Abstract
Degenerative aortic stenosis is highly prevalent in the aging populations of industrialized countries and is associated with poor prognosis. Surgical valve replacement has been the only established treatment with documented improvement of long-term outcome. However, many of the older patients with aortic stenosis (AS) are high-risk or ineligible for surgery. For these patients, transcatheter aortic valve replacement (TAVR) has emerged as a treatment alternative.
The TAVR procedure is characterized by a lack of visualization of the operative field. Therefore, pre- and intra-procedural imaging is critical for patient selection, pre-procedural planning, and intra-operative decision-making. Incremental to conventional angiography and 2-D echocardiography, multidetector computed tomography (CT) has assumed an important role before TAVR. The analysis of 3-D CT data requires extensive post-processing during direct interaction with the dataset, using advance analysis software.
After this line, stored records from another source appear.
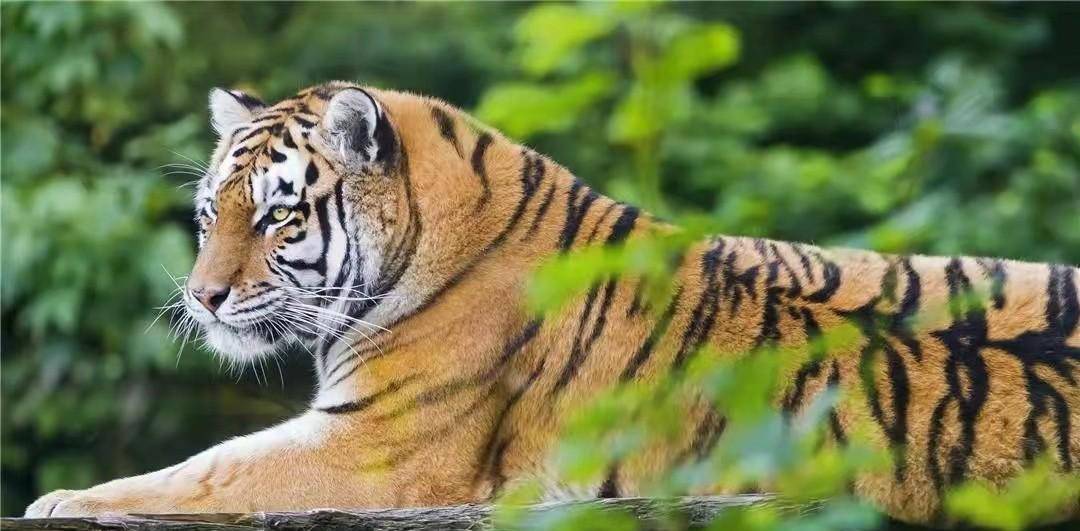 19年前为什么中国要把2只华南虎送到南非养后来怎么样了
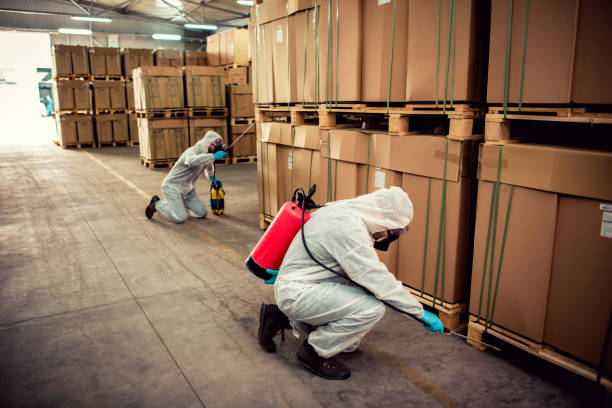 Best Best Pest Control Companies  in West Terre Haute, IN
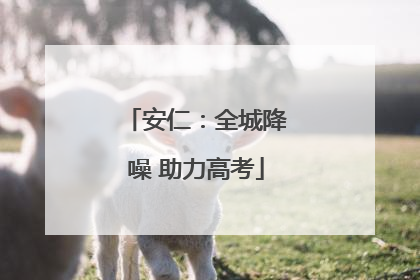 安仁：全城降噪 助力高考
Organization and storage of the data according to complex clinical workflows and sharing of image information have become a critical part of these novel treatment approaches. Optimally, the data are integrated into a comprehensive image data file accessible to multiple groups of practitioners across the hospital. This creates new challenges for data management requiring a complex IT infrastructure, spanning across multiple locations, but is increasingly achieved with client-server solutions and private cloud technology.
This article describes the challenges and opportunities created by the increased amount of patient-specific imaging data in the context of TAVR.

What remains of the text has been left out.